ABOUT THIS TASK:
Exactly the lines from the line that has "Prophetic Handblown Glass" through the final line below are to be retyped, and the pictures are not.

MATERIAL FOR THIS TASK:
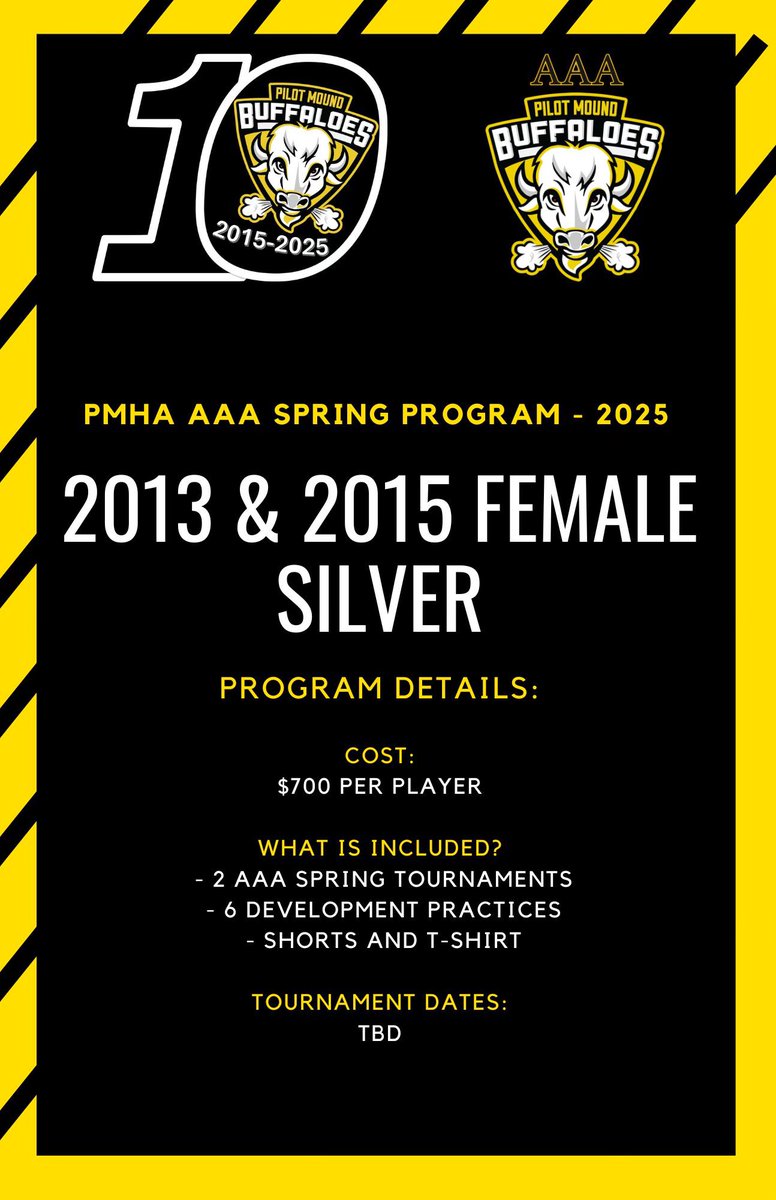 Interested in our AAA Spring Program? Check out the details for the 2025 season! #aaabuffaloes #springprogram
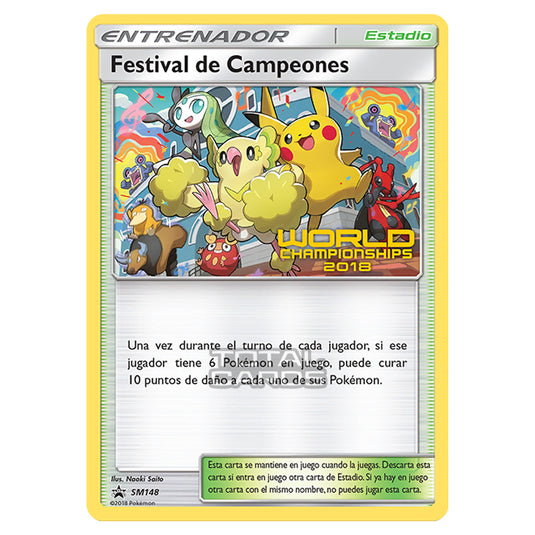 Pokemon - Sun & Moon - SM Black Star Promos - Champions Festival - SM148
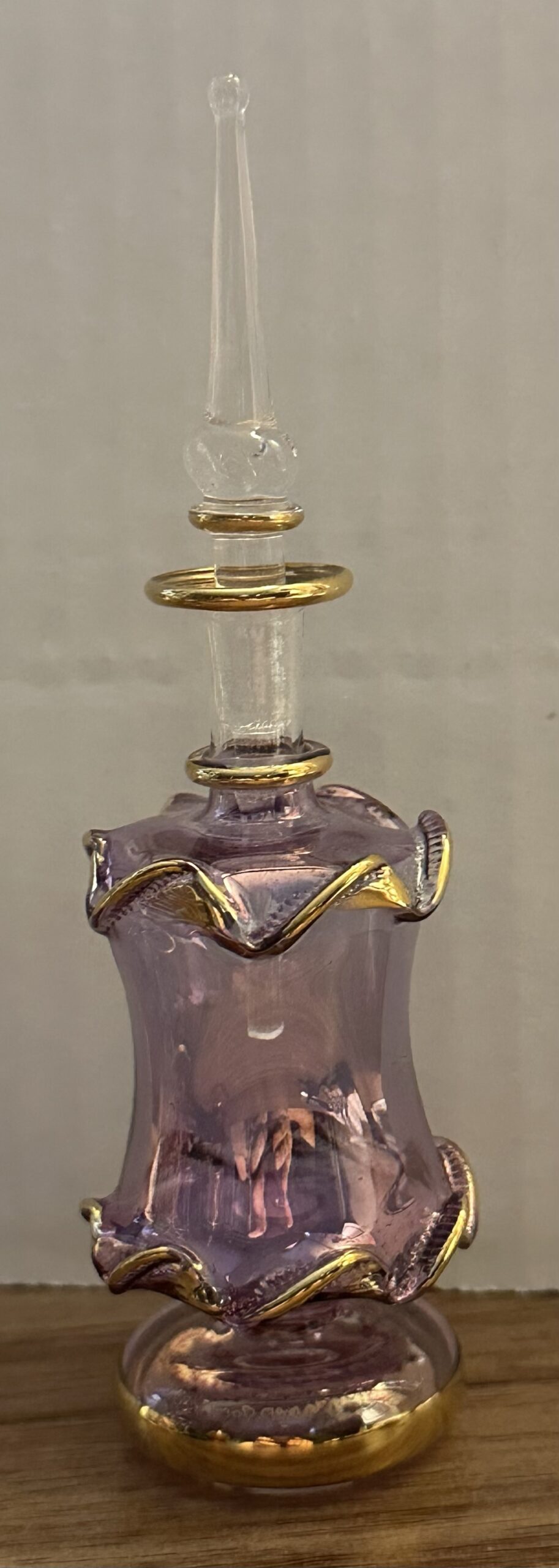 Prophetic Handblown Glass Prayer Bottle with 1 oz Anointing Oil - Image 4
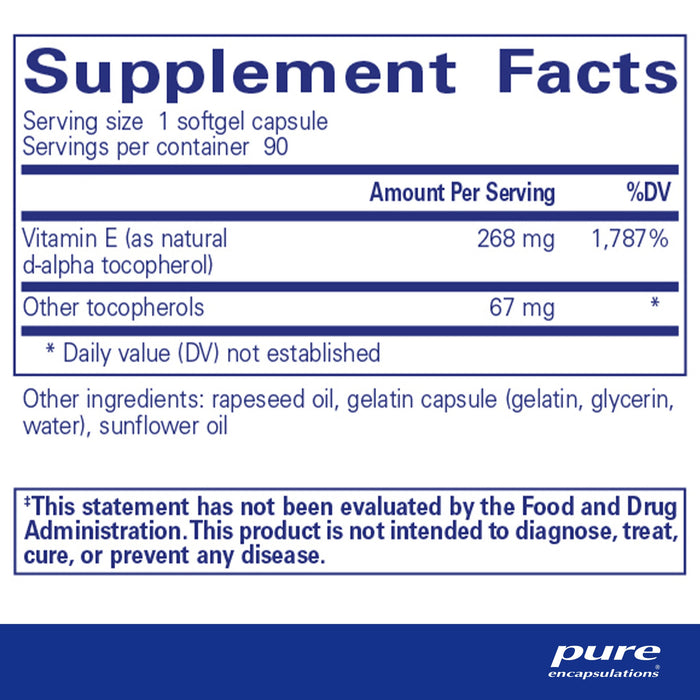 DE9 - Vitamin E 90cap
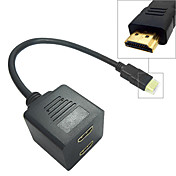 1 a 2 puertos HDMI Splitter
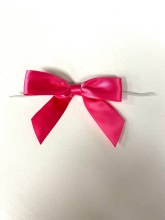 Sm Hot Pink Bow 10 Pk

EXERCISE OUTPUT:
 Prophetic Handblown Glass Prayer Bottle with 1 oz Anointing Oil - Image 4
 DE9 - Vitamin E 90cap
 1 a 2 puertos HDMI Splitter
 Sm Hot Pink Bow 10 Pk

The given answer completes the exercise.